*** RECORDS FOR THE TASK ***

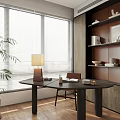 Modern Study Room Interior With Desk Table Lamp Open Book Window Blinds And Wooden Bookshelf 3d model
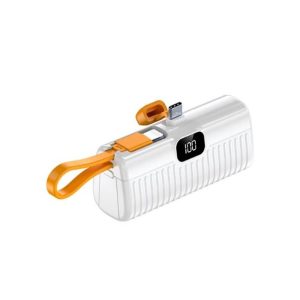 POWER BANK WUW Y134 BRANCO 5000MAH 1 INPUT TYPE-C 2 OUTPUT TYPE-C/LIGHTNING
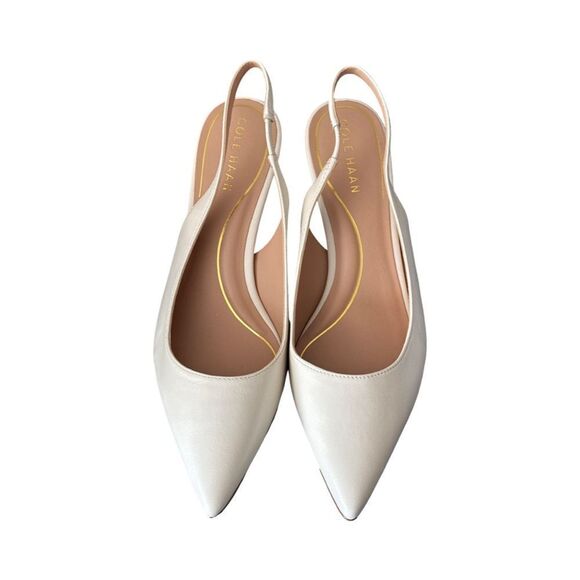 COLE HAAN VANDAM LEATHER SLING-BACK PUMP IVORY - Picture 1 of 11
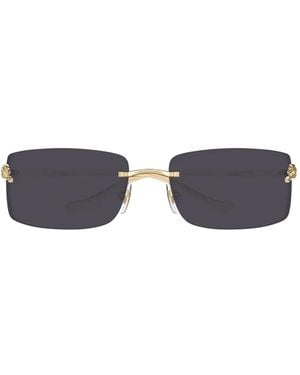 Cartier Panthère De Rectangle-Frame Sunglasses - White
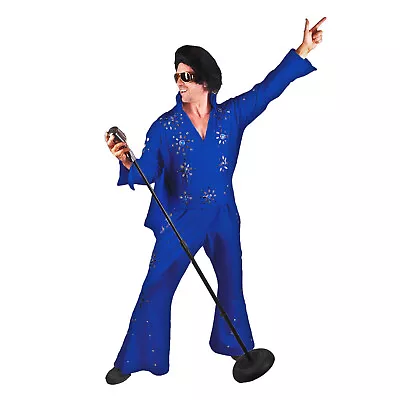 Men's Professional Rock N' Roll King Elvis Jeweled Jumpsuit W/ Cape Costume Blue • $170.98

*** End of RECORDS FOR THE TASK ***
*** RECORDS FOR THE TASK ***

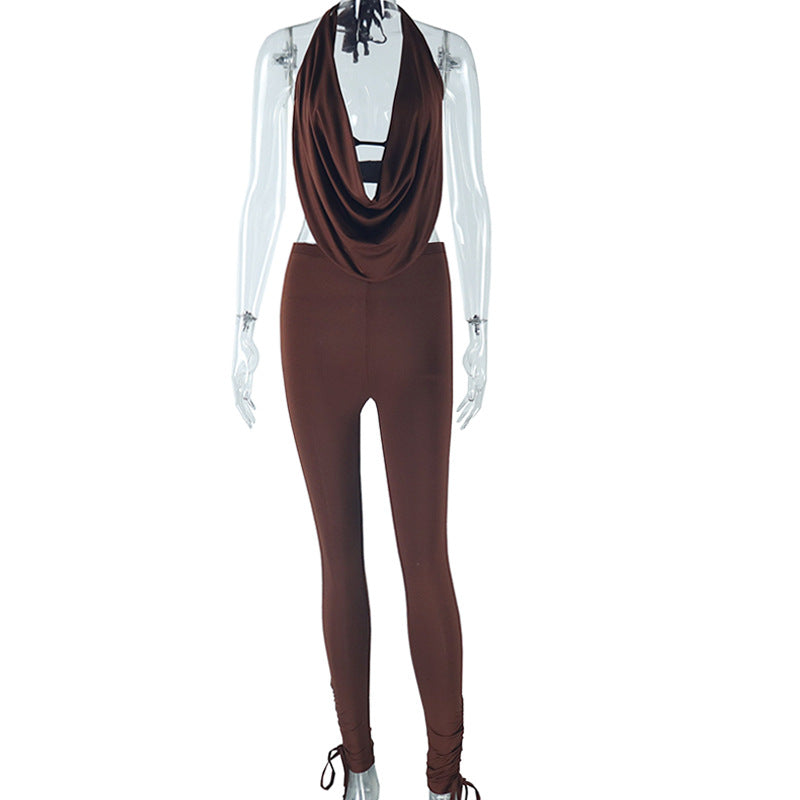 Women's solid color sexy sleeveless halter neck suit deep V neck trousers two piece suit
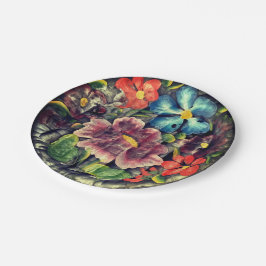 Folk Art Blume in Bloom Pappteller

*** End of RECORDS FOR THE TASK ***

**PROBLEM TO WORK ON:** Reproduce the data above exactly, but only from the line containing "Modern Study Room" through the line containing "Men's Professional Rock"; skip the pictures.

**RESULT:**
 Modern Study Room Interior With Desk Table Lamp Open Book Window Blinds And Wooden Bookshelf 3d model
 POWER BANK WUW Y134 BRANCO 5000MAH 1 INPUT TYPE-C 2 OUTPUT TYPE-C/LIGHTNING
 COLE HAAN VANDAM LEATHER SLING-BACK PUMP IVORY - Picture 1 of 11
 Cartier Panthère De Rectangle-Frame Sunglasses - White
 Men's Professional Rock N' Roll King Elvis Jeweled Jumpsuit W/ Cape Costume Blue • $170.98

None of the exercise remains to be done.